Nous ne modifions nullement ladite obligation. Nous ne voulons pas non plus
créer, en plus de cette obligation alimentaire, une véritable prestation
compensatoire nouvelle. On en a déjà instauré une pour le conjoint divorcé. Si
l'on se met à en créer une autre pour le conjoint survivant, que de pensions
alimentaires et de complexités, d'autant que les prestations compensatoires
adoptées voilà peu font aujourd'hui déjà l'objet de différentes décisions de
justice !
Mme Marylise Lebranchu,
garde des sceaux.
Je demande la parole.
M. le président.
La parole est à Mme le garde des sceaux.
Mme Marylise Lebranchu,
garde des sceaux.
Même si je comprends votre souci de deuil, de temps
nécessaire, permettez-moi d'ajouter qu'il y a un risque à prévoir un délai trop
long, celui que ne soit pas pris en compte l'état de nécessité de plus en plus
prenante du conjoint.
M. Nicolas About,
rapporteur.
Je demande la parole.
M. le président.
La parole est à M. le rapporteur.
M. Nicolas About,
rapporteur.
Je me suis mal fait comprendre. Notre dispositif vise à
protéger le conjoint survivant de manoeuvres éventuelles des héritiers.

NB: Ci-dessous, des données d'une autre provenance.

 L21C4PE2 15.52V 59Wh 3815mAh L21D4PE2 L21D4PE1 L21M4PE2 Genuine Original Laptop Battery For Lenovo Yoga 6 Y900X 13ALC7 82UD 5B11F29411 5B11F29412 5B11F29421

Beaucoup d'héritiers pourraient être tentés d'inciter le conjoint à ne pas
faire jouer son droit, en proposant de pourvoir à ses besoins. Au bout d'un an
et un jour, le délai pour obtenir une pension étant dépassé ; le conjoint
survivant n'aurait plus la possibilité de demander cette pension.
M. Jacques-Richard Delong.
Je demande la parole pour explication de vote.
M. le président.
La parole est à M. Delong.
M. Jacques-Richard Delong.
Permettez à quelqu'un qui n'appartient pas à la commission compétente de poser
une simple question. En effet, le terme utilisé par le rapporteur me semble un
peu vague. Comment définir le besoin et à quel moment ?
M. Nicolas About,
rapporteur.
C'est le juge qui le fera !
M. Jacques-Richard Delong.
Compte tenu de la rapidité de la justice, on pourra attendre longtemps !
M. le président.
Personne ne demande plus la parole ?..
Je mets aux voix l'amendement n° 7, repoussé par le Gouvernement.
(L'amendement est adopté.)
M. le président.
En conséquence, l'article 4 est ainsi rédigé.